Data extracted from a collection »
»»
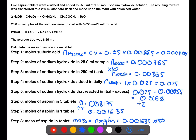The gram formula mass of aspirin is 180, which can be calculated from the formula in the balanced equation. This gives a mass of aspirin in one tablet of 0.294 grams.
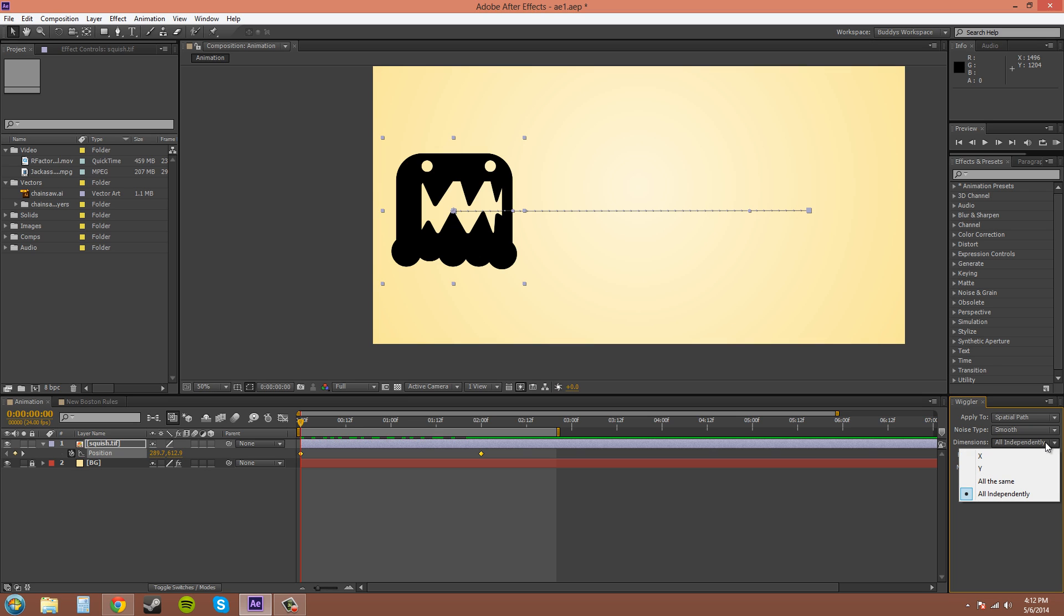Dimensions here we have all independently which means it's going to move on the X and Y axis. You can have all the same or just move it on the X or Y.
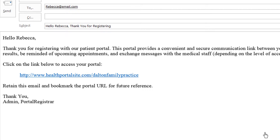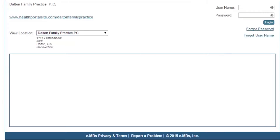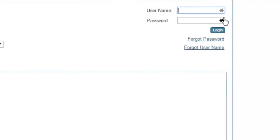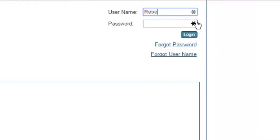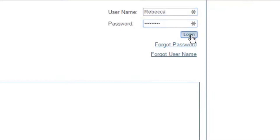Next, you will receive a registration email. Open that email and click the registration link. Once you arrive at the electronic health records login screen, enter the credentials we provided you with and confirm your identity by answering your security questions.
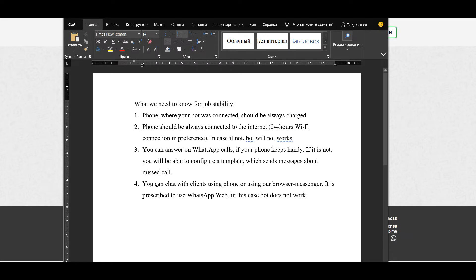And the last one, you can chat with clients using phone or using our browser messenger. It is prescribed to use WhatsApp Web. In this case, bot doesn't work.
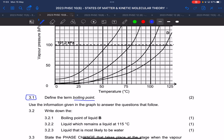They ask: define the term boiling point. Can anyone remember the definition? The boiling point is the temperature of the liquid at which its vapor pressure equals the atmospheric pressure. It doesn't matter whether you say atmospheric or external pressure. So: the temperature where the vapor pressure is equal to the atmospheric pressure. That is crucial to know — especially for this year.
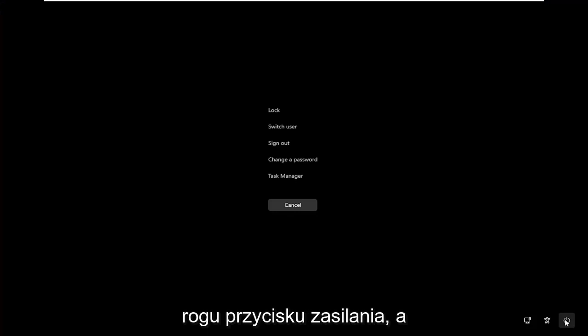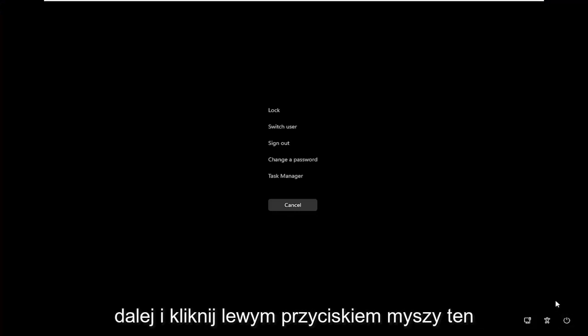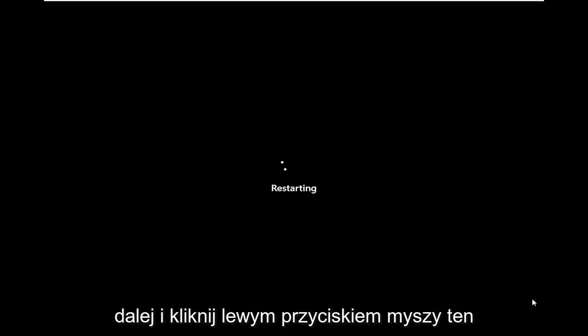Then you want to select in the bottom right corner the power button, and then select the restart button. Go ahead and click on that.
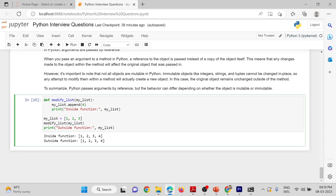Outside this function, we are creating myList containing elements 1, 2, 3. We are calling the modifyList function and passing this myList, so 1, 2, 3 will be passed. 4 will be appended, and inside the function, 1, 2, 3, 4 will be printed.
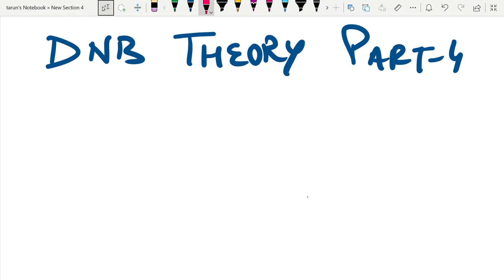Friends, we are discussing the exam questions from DNB. This is part 4 of the lecture and we will only discuss the important points. Let's begin. Our first question is Leptospirosis.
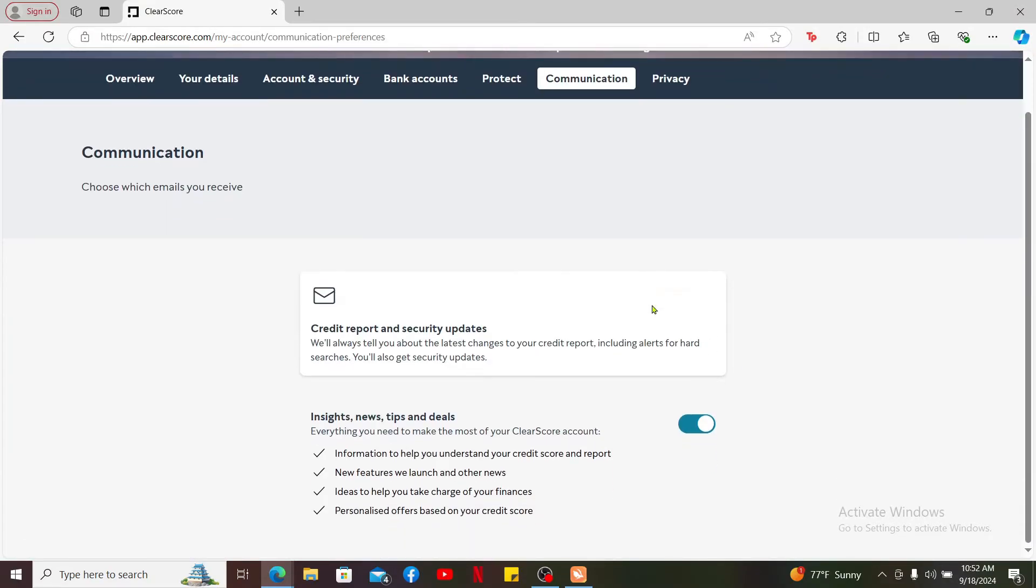Now under the Communication tab, disable the button right next to Insight, News, Tips and Deals.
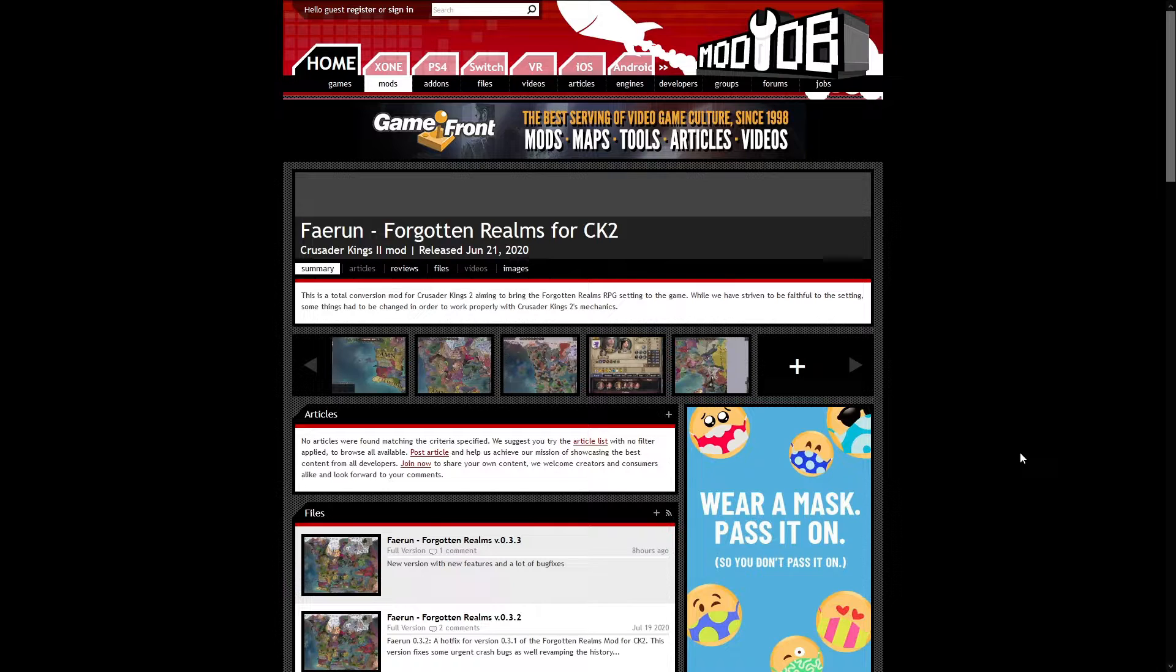The first step to installing it is you have to download it. To download it, you go to the link in the description below, and this will bring you to this page, which should be roughly similar to what you see in front of you.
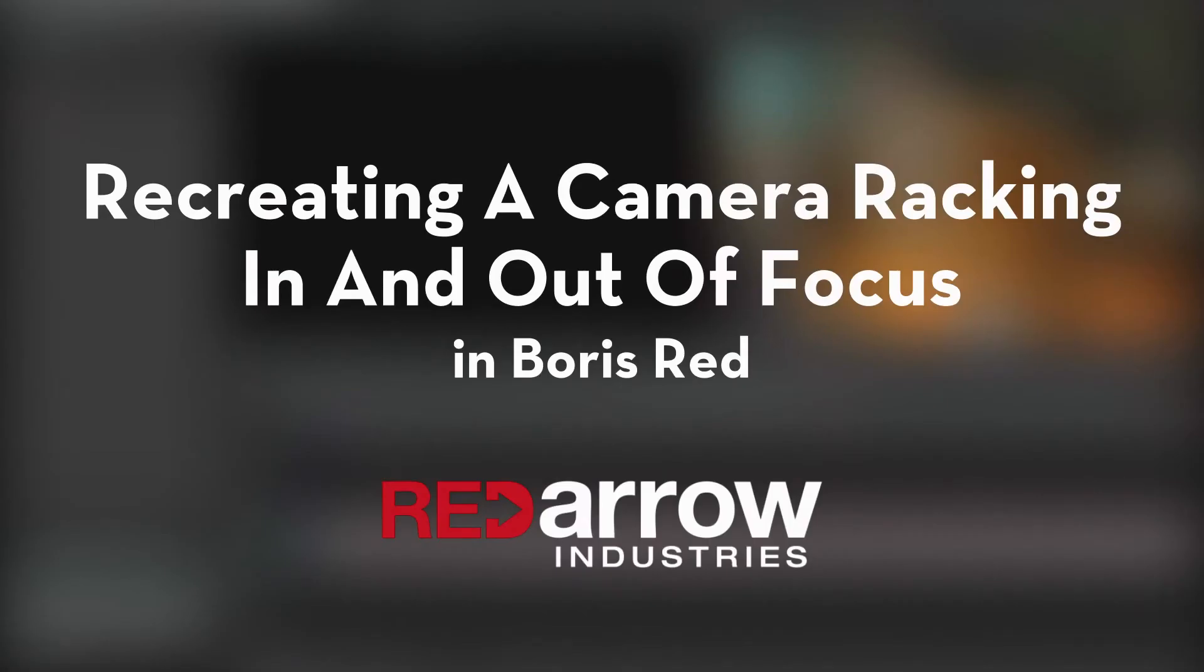Hey everyone, this is Mark from Red Arrow Industries here for another to the point tutorial. In this tutorial, I'll go over how you can easily recreate a camera racking in and out of focus in Boris Red.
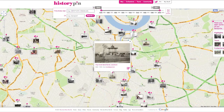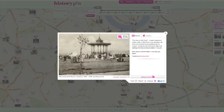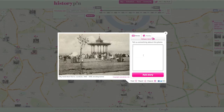Click on a photo in a cluster. Click on the story tab and click add your voice. Add your story and click post your story.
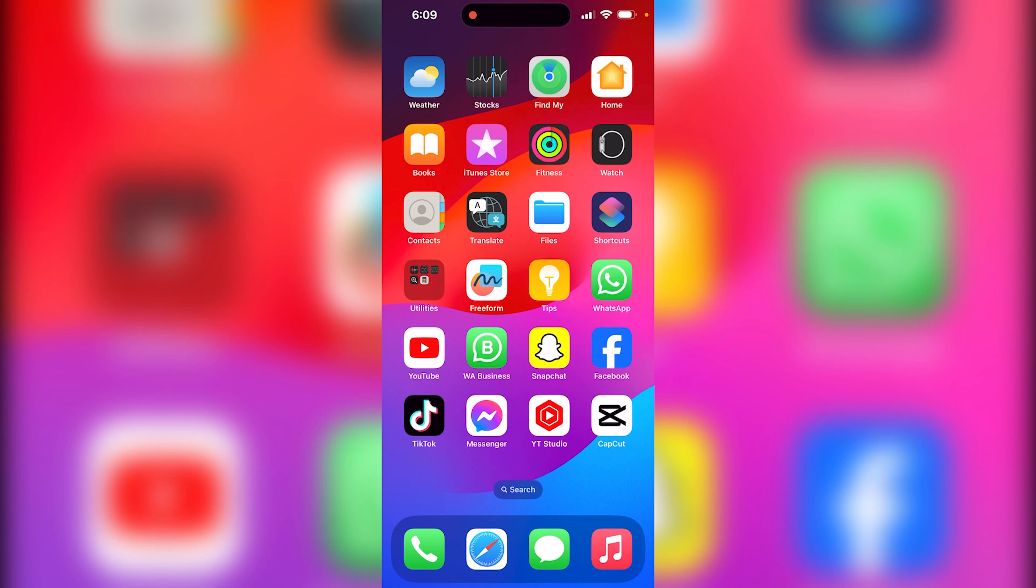In this video I'm going to show you guys how to delete an app on your iPhone. Let's get into the video.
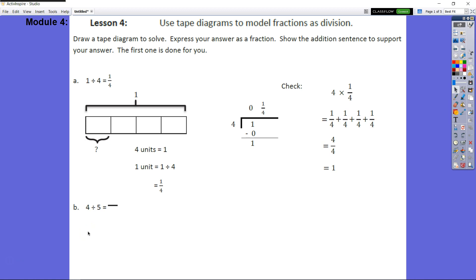All right, so we are on lesson four of module four. We're going to use tape diagrams to model fractions as division. I'm hoping that this video will help parents be able to better understand how this 'new math' is being done. It says that we are going to draw a tape diagram to solve, express our answer as a fraction, and then show an addition sentence to support our answer.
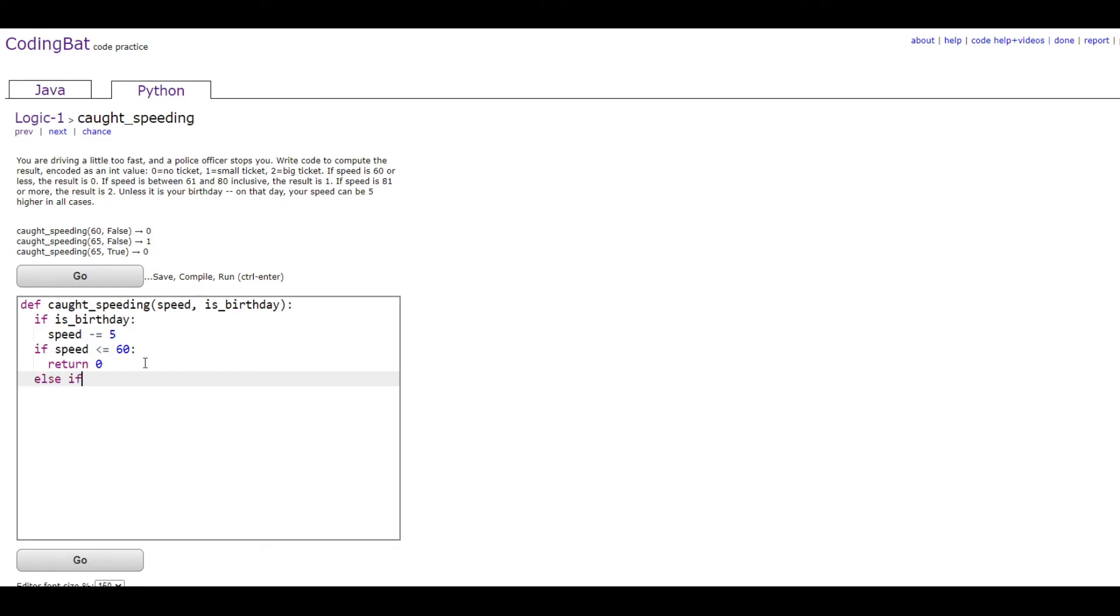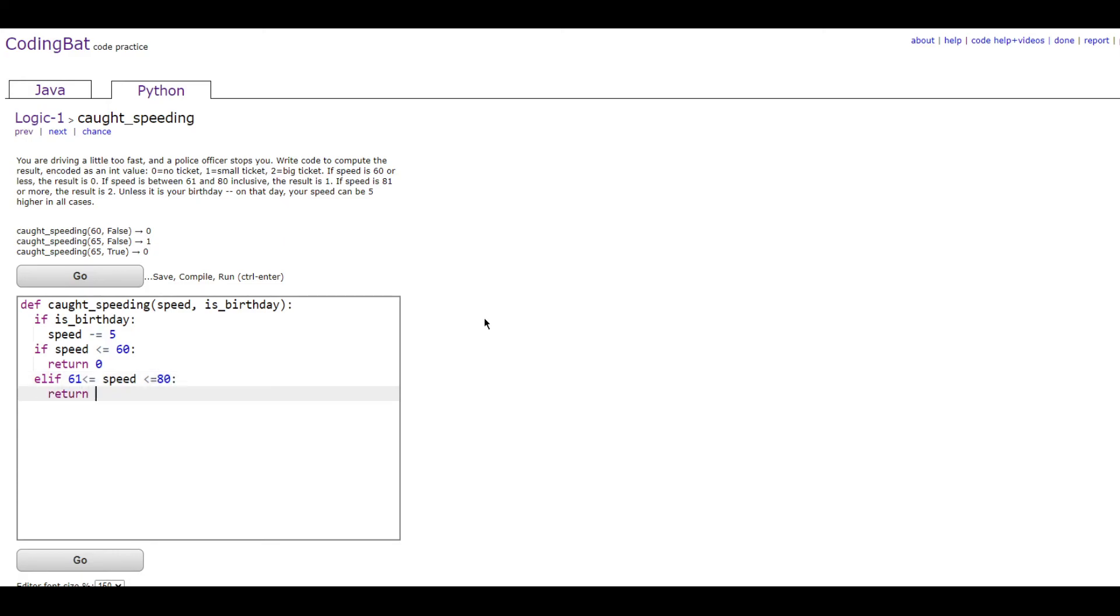Then you would do the else if statement for if speed is between 61 and 80. If 61 is less than or equal to speed, which is less than or equal to 80, since it's 80 inclusive, then return 1.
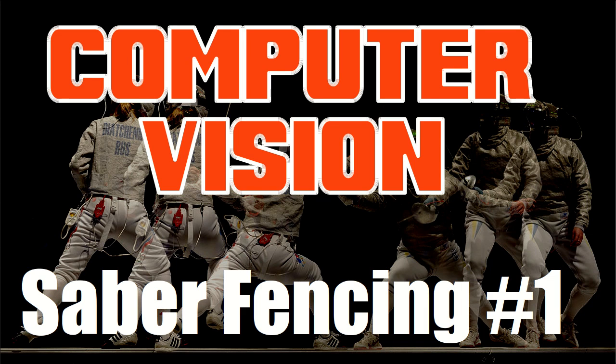Hello everyone, I've been working on this contest for computer vision. It's a contest to create a saber fencing analytics system that uses computer vision, basically using data from camera to analyze the game.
««
What is being asked »
Once the pictures are removed, print all the remaining data exactly as it stands.

Answer box »
The gram formula mass of aspirin is 180, which can be calculated from the formula in the balanced equation. This gives a mass of aspirin in one tablet of 0.294 grams.
Dimensions here we have all independently which means it's going to move on the X and Y axis. You can have all the same or just move it on the X or Y.
Next, you will receive a registration email. Open that email and click the registration link. Once you arrive at the electronic health records login screen, enter the credentials we provided you with and confirm your identity by answering your security questions.
And the last one, you can chat with clients using phone or using our browser messenger. It is prescribed to use WhatsApp Web. In this case, bot doesn't work.
They ask: define the term boiling point. Can anyone remember the definition? The boiling point is the temperature of the liquid at which its vapor pressure equals the atmospheric pressure. It doesn't matter whether you say atmospheric or external pressure. So: the temperature where the vapor pressure is equal to the atmospheric pressure. That is crucial to know — especially for this year.
Then you want to select in the bottom right corner the power button, and then select the restart button. Go ahead and click on that.
Outside this function, we are creating myList containing elements 1, 2, 3. We are calling the modifyList function and passing this myList, so 1, 2, 3 will be passed. 4 will be appended, and inside the function, 1, 2, 3, 4 will be printed.
Friends, we are discussing the exam questions from DNB. This is part 4 of the lecture and we will only discuss the important points. Let's begin. Our first question is Leptospirosis.
Now under the Communication tab, disable the button right next to Insight, News, Tips and Deals.
The first step to installing it is you have to download it. To download it, you go to the link in the description below, and this will bring you to this page, which should be roughly similar to what you see in front of you.
Hey everyone, this is Mark from Red Arrow Industries here for another to the point tutorial. In this tutorial, I'll go over how you can easily recreate a camera racking in and out of focus in Boris Red.
Click on a photo in a cluster. Click on the story tab and click add your voice. Add your story and click post your story.
In this video I'm going to show you guys how to delete an app on your iPhone. Let's get into the video.
All right, so we are on lesson four of module four. We're going to use tape diagrams to model fractions as division. I'm hoping that this video will help parents be able to better understand how this 'new math' is being done. It says that we are going to draw a tape diagram to solve, express our answer as a fraction, and then show an addition sentence to support our answer.
Then you would do the else if statement for if speed is between 61 and 80. If 61 is less than or equal to speed, which is less than or equal to 80, since it's 80 inclusive, then return 1.
Hello everyone, I've been working on this contest for computer vision. It's a contest to create a saber fencing analytics system that uses computer vision, basically using data from camera to analyze the game.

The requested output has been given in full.